Prompt — Your output should be the lines below from the one with "Remparts et canons d'Essaouira" through the one with "Kia Niro 1.6 GDI 2WD Aut. Spirit - 1", copied exactly, pictures excluded.

Provided records —
_ _ _ _ _ _ _
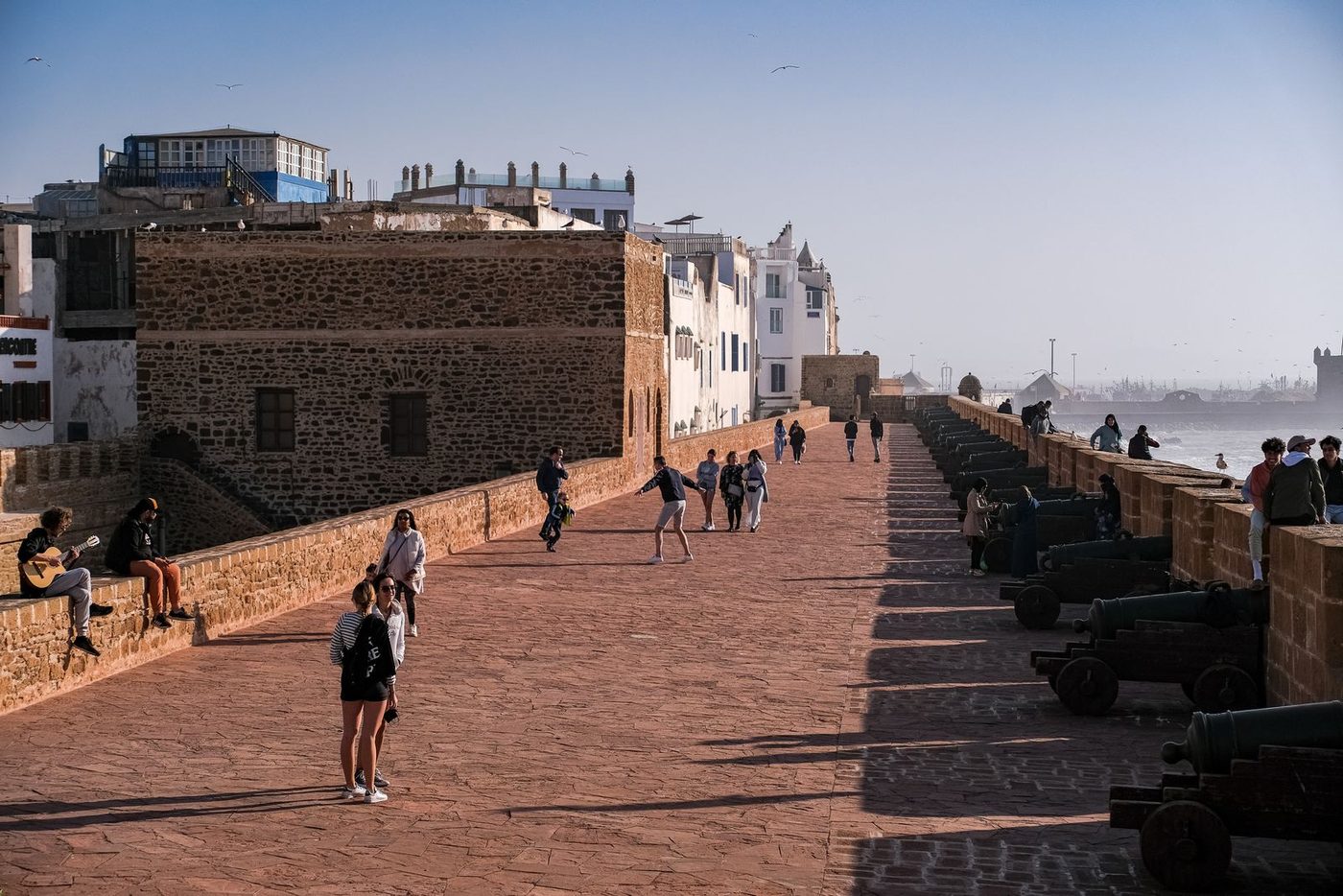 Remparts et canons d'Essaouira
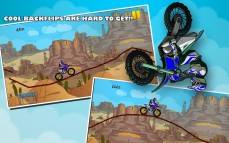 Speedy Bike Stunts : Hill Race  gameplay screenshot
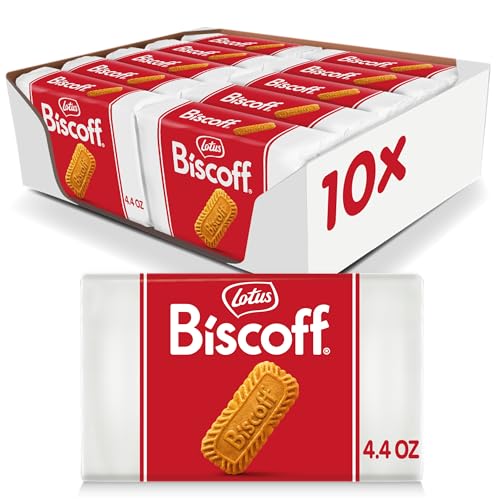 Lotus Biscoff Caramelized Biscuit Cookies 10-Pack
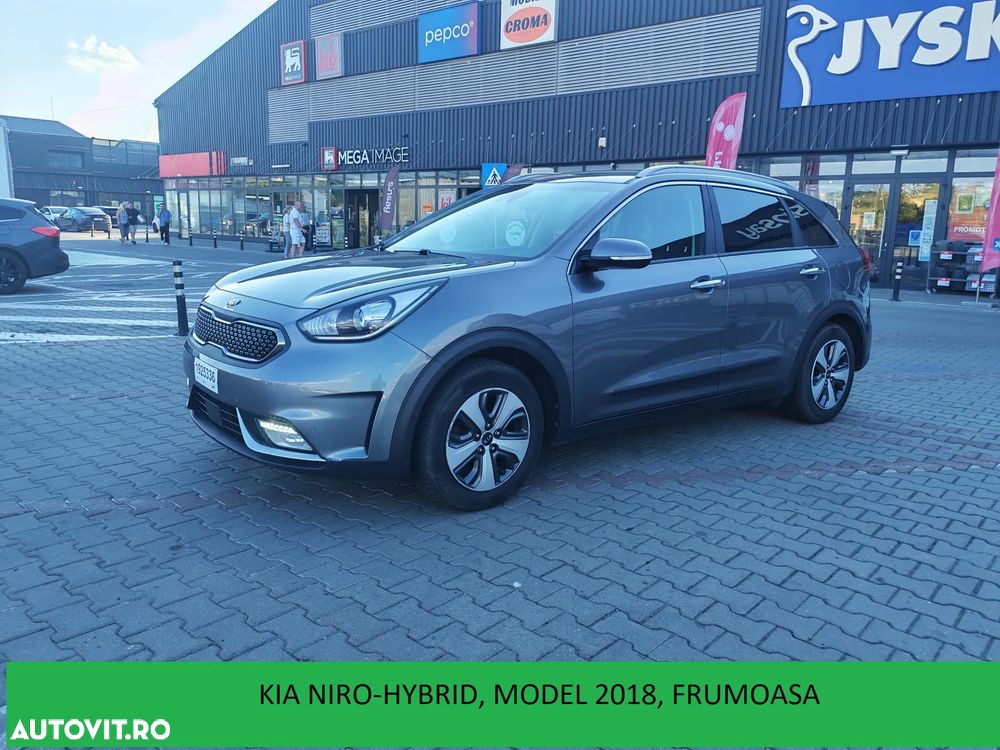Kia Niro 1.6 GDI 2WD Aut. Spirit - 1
_ _ _ _ _ _ _
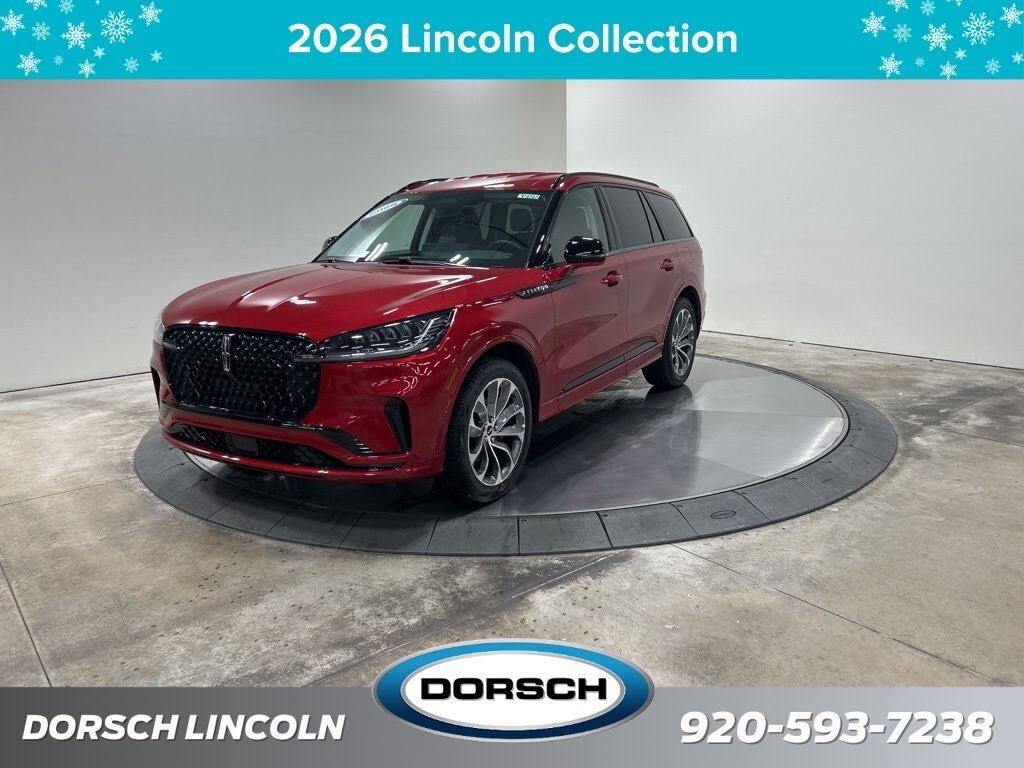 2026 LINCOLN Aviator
_ _ _ _ _ _ _
Written answer —
 Remparts et canons d'Essaouira
 Speedy Bike Stunts : Hill Race  gameplay screenshot
 Lotus Biscoff Caramelized Biscuit Cookies 10-Pack
Kia Niro 1.6 GDI 2WD Aut. Spirit - 1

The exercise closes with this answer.